Sunday, May 12, 2013

Can We Innovate Out of this Recession?

God only knows how many words have been typed to identify the cause of this recession. I believe that by the time we get to the end and can look back, we will see that this was a depression. In 1929, property values fell more than 30%, but in a longer span of time than we have seen between 2006-2009. If that is a measure of a depression, then we were in one.

So how are we going to get ourselves out of this one? Are we going to go the way of painful cuts in social services and civil services like police, fire and education? Austerity has been tried, to no avail.

Before the last midterm elections, President Obama suggested that the spirit of American innovation can lift us out of this recession. America has had a very long history of innovation leading the way for this country. But it can only do so as long as the powers that be are willing to let it. Unfortunately, there is very little room for innovation without risk of incumbents blocking or shelving the new ideas that could be implemented to lift our economy.

There is a lot of talk about the change in tax policy over the last 30 years. It is clear that tax policy has favored those who have money over those that don't. Tax policy has given rise to enormous efforts to send manufacturing offshore. As a result, very little in the way of new manufacturing has been brought here. Andy Grove, a former Intel executive, has pointed out that as we send our manufacturing offshore, we're giving away our ability to innovate.

But there is a subtle change that hasn't been noticed by the mainstream media: the consolidation of intellectual property into the hands of a few very powerful players. Some of them you've heard of: Apple, Microsoft, Viacom. But there are a few very large players you may not have heard of until today: Intellectual Ventures, MPEG-LA, Acacia.

Of the former group, they make things we'd like to use as consumers. iPads, Windows, and 2 1/2 Men (well, maybe not). Of the latter, they don't make the things you want to buy. They make them more expensive.

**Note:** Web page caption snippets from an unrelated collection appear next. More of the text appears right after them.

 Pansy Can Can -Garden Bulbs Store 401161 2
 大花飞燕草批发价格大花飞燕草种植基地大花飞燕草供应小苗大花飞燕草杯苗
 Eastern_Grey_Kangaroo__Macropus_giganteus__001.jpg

How did this happen? Quite a few books have been written on the subject, but in a nutshell, this country has draped itself in intellectual property as a religion that has turned into a boa constrictor for our economy. Over the last 30 years, we have slowly turned the screws to the public domain and the industrial commons by increasing the power of intellectual property laws and making it harder to challenge the validity of patents without going to court. it has become a tragedy of the anti-commons.

A typical patent lawsuit defense can cost anywhere from $3-6 million and that is just a start. This is significant barrier to bringing innovations to market. The high cost of patent litigation has also given rise to patent trolls. Patent trolls make no products so they are immune to counterclaims and public backlash. But they make a lot of money by threatening to sue, and offering settlement terms for an amount lower than the cost of litigation.

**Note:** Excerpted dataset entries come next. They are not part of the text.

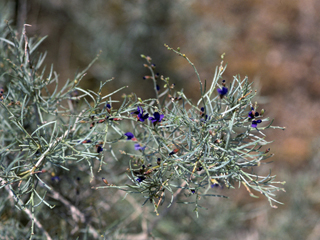 Psorothamnus schottii (Schott's dalea)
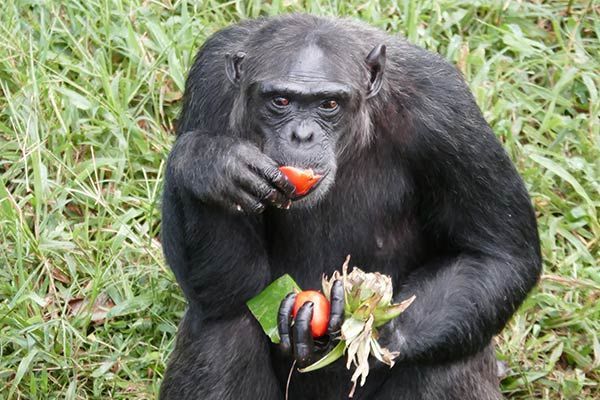 afrisitestours & Travel tweet media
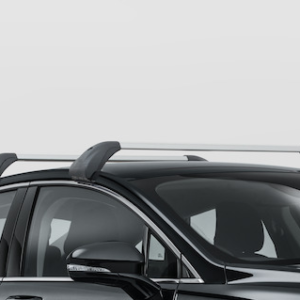 Osnovni strešni prtljažnik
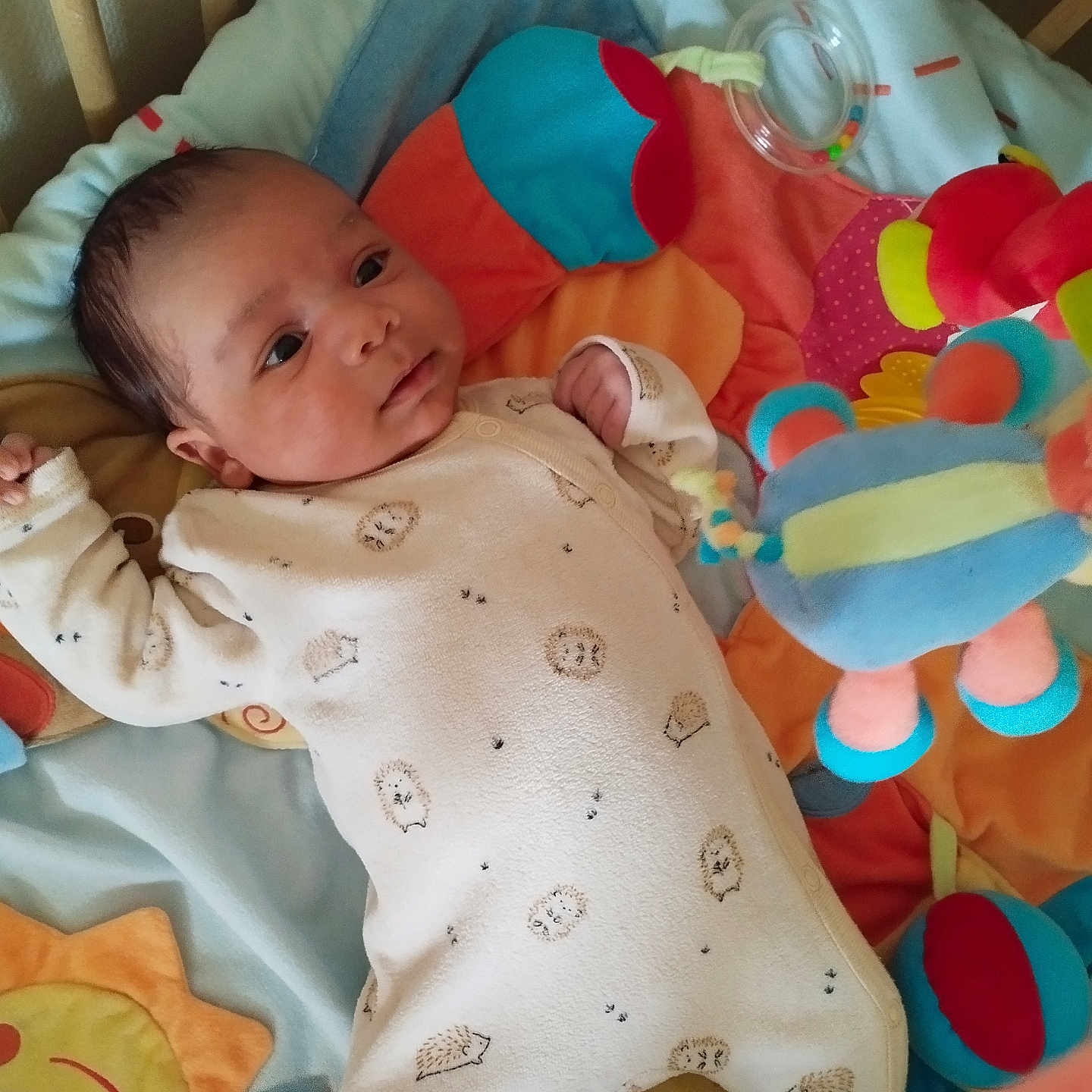 Raphaël participe au concours pour gagner de l'argent avec cette photo : baby, baby_clothing, child, colorful, comfort, cute, expression, face, hand, head, hedgehog_pattern, indoors, infant, lying_down, newborn, onesie, play_mat, resting, soft_toys, wooden_crib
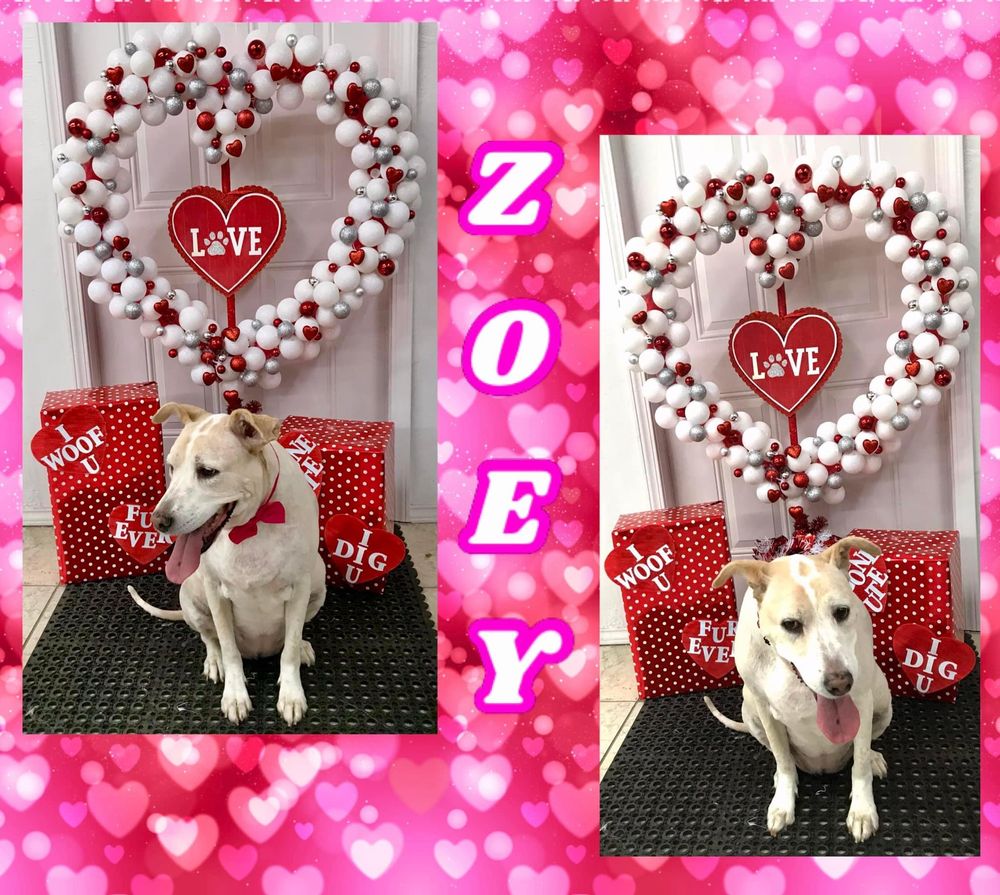 MESSY MUTT MAKEOVERS with 31 real customer photos Updated August 2024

As we make intellectual property laws stronger, we increase the cost of downstream innovation and eventually, we find that we're falling behind other countries in terms of innovation. We are simply  so mired in litigation, both at the patent office and in court, that we don't have time to solve the really big problems humans face. This is because patents have perverted the incentives for innovation.

Of course, falling behind other countries is less of a problem if you can foist your intellectual property regime onto other countries. We do this in exchange for access to our markets and to pry open access to the markets in other countries. The US has "free trade" agreements with many other countries that achieve the goal of imposing the US patent regime on the partner countries.

Each of these agreements is guaranteed to protect doctors, lawyers and other professionals while exposing middle class manufacturing workers to direct competition with lower paid foreign workers. But more importantly, they require the other country to use the same intellectual property rules that we use here.

Apple, Intel and a few other manufacturers take great comfort in these agreements. So much so, that they can safely move their manufacturing operations to other countries without worry that their products will be copied unlawfully. That, to me, explains the decline of the American economy.

Despite many attempts at patent reform, Congress has not arrived at a solution to the problem of misplaced incentives. Michele Boldrin and David Levine have suggested the elimination of patents altogether. In a report released by the Federal Reserve Bank, Boldrin and Levine make a powerful case for eliminating patents and the market perversions they induce.

Our intellectual property regime only works for a privileged few. Until our intellectual property regime works for everyone, innovators will have very little power to help our economy. Moreover, intellectual property regimes must respect the public domain, something our current regime fails to do.